== Records provided ==
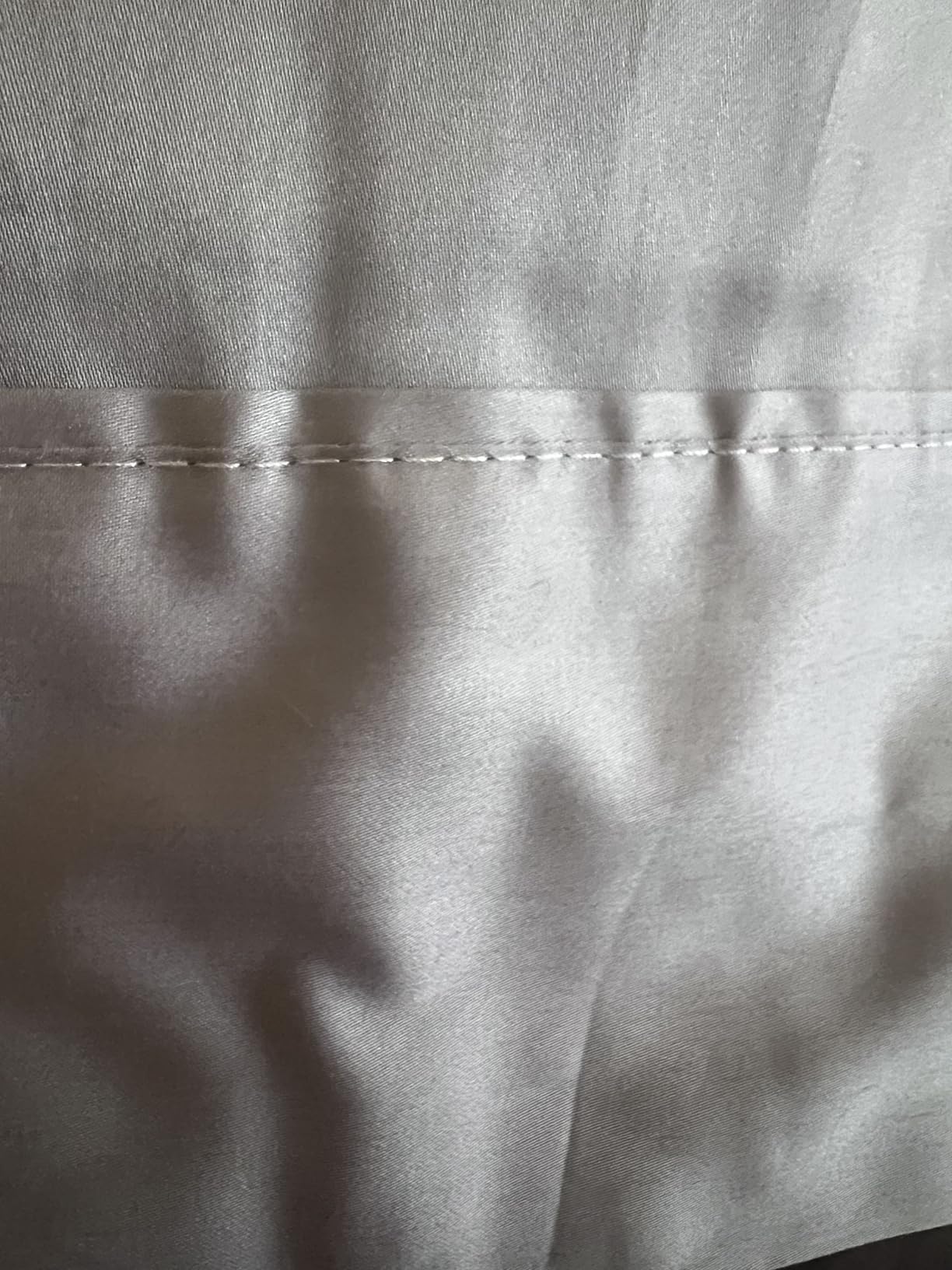 MEISHANG 1000 Thread Count Cotton Sheets Queen Size - 100% Egyptian Cotton, Sateen Weave, Soft & Breathable, Oeko-Tex Certified, 16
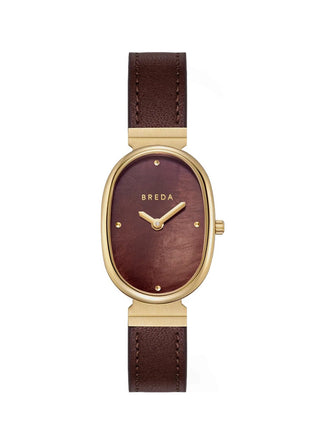 Breda Jane Leather Gold/Brown/Brown 1764B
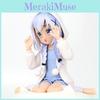 Lovely Sitting Kyoko Chino Pvc Figurine In Cozy Pajamas For Decorative Display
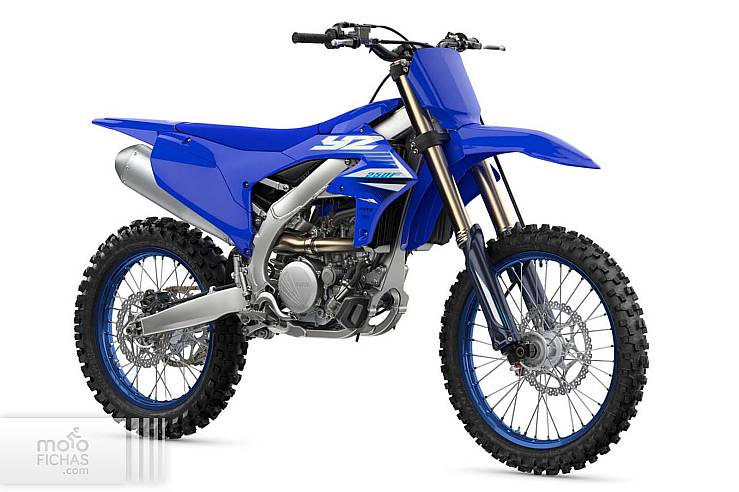 Fotos Yamaha YZ250F 2025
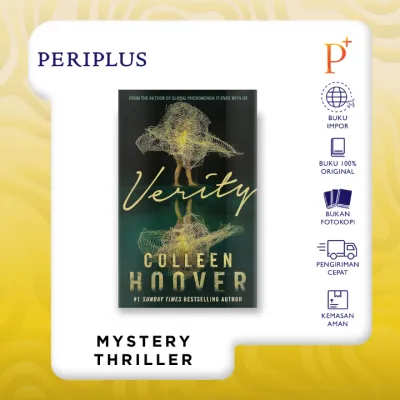 Verity UK by Colleen Hoover - 9781408726600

== Task requirements ==
In your copy of the listing above, every line must match exactly and no picture may appear.

== Solution ==
 MEISHANG 1000 Thread Count Cotton Sheets Queen Size - 100% Egyptian Cotton, Sateen Weave, Soft & Breathable, Oeko-Tex Certified, 16
 Breda Jane Leather Gold/Brown/Brown 1764B
 Lovely Sitting Kyoko Chino Pvc Figurine In Cozy Pajamas For Decorative Display
 Fotos Yamaha YZ250F 2025
 Verity UK by Colleen Hoover - 9781408726600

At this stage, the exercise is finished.